---- DATA SHOWN

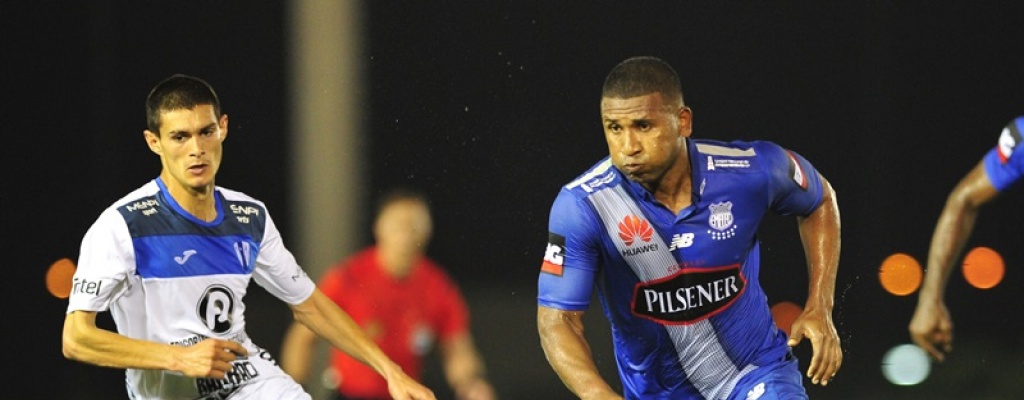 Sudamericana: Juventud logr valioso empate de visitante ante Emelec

--------
---- DATA SHOWN

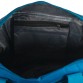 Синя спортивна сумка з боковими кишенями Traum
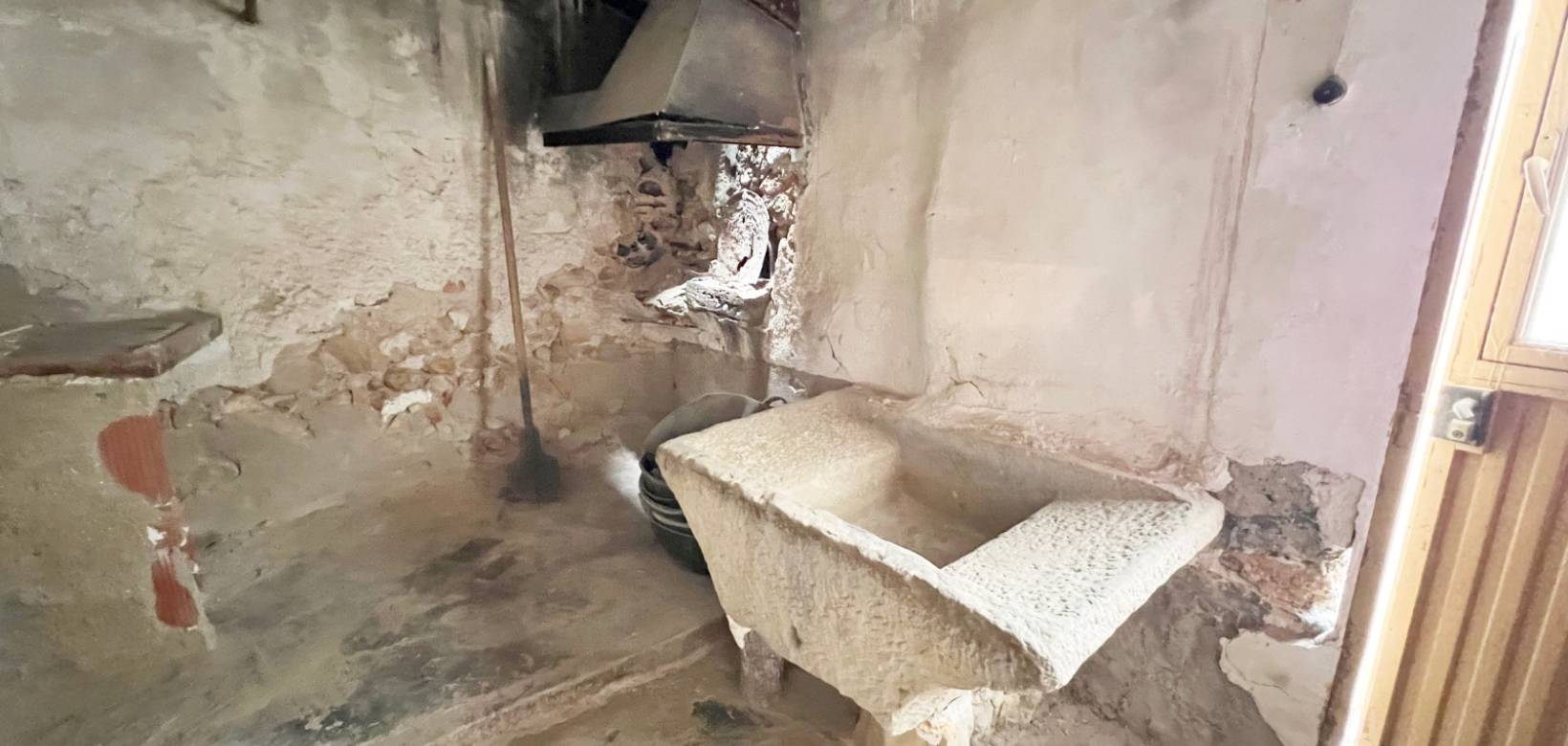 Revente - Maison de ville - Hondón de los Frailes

--------

YOUR OBJECTIVE:
In the listing above, find the line containing "Синя спортивна сумка" and the line containing "Revente - Maison". Reproduce those lines and all between them exactly, with no pictures and nothing more.

EXERCISE RESPONSE:
 Синя спортивна сумка з боковими кишенями Traum
 Revente - Maison de ville - Hondón de los Frailes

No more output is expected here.